LuLaRich points out that the angry sellers instead used the same platforms that they’d used to sell products (Facebook groups, in particular) to band together and confirm that no, they weren’t crazy; the inventory really was messed up, and the company really was lying to them. They were able to fight back because the same networks of friendship and “sisterhood” that the company sold as unique to LuLaRoe could also be used to revolt.

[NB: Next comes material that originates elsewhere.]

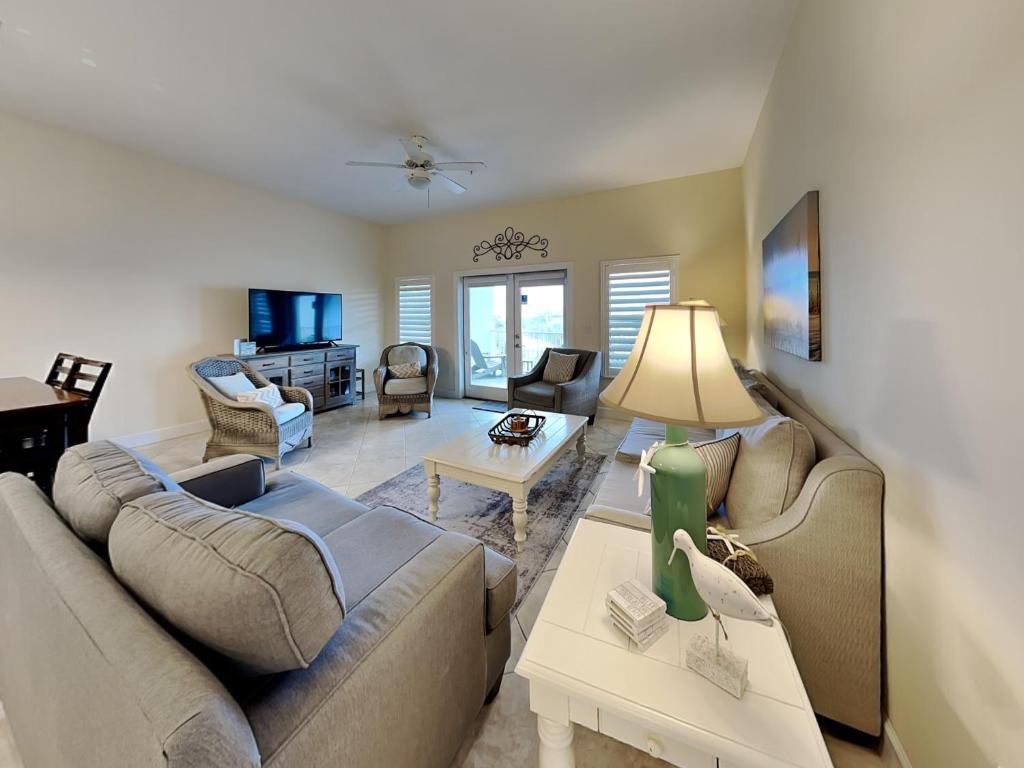 Pavilion Palms 201a 1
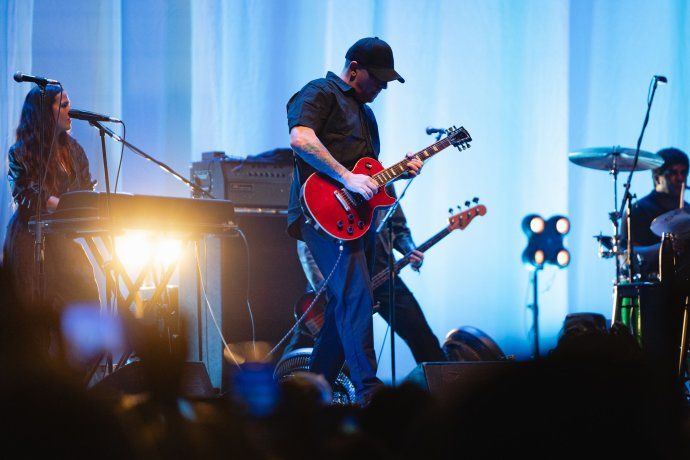 Gaspar Benegas surprised with his passage through the Iggy Pop show at the Movistar Arena.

What the sellers still lost was incredible — time, money, friendships, and, for some, their entire sense of independence and selfhood. That’s what LuLaRich so keenly illustrates: In the game of MLMs, it’s still the ones at the top who win. The Stidhams are still living a comfortable, even extravagant lifestyle; some of their closest former “business associates” are left holding the bag. It’s not beauty, power, uniqueness, gratitude, and purpose they’re selling. Instead, they’ve preyed on the insecurities, uncertainties, and disadvantages of the women they target.

Mixing go-girl empowerment with rank misogyny is hardly new. LuLaRoe wasn’t the first to do it, and will hardly be the last. But as LuLaRich shows, the identity LuLaRoe sold to its closest devotees was an empty dream — wrapped in garishly patterned fabric, stretchy, comfy, and always buttery-soft.

All four episodes of LuLaRich premiere on Amazon Prime on September 10.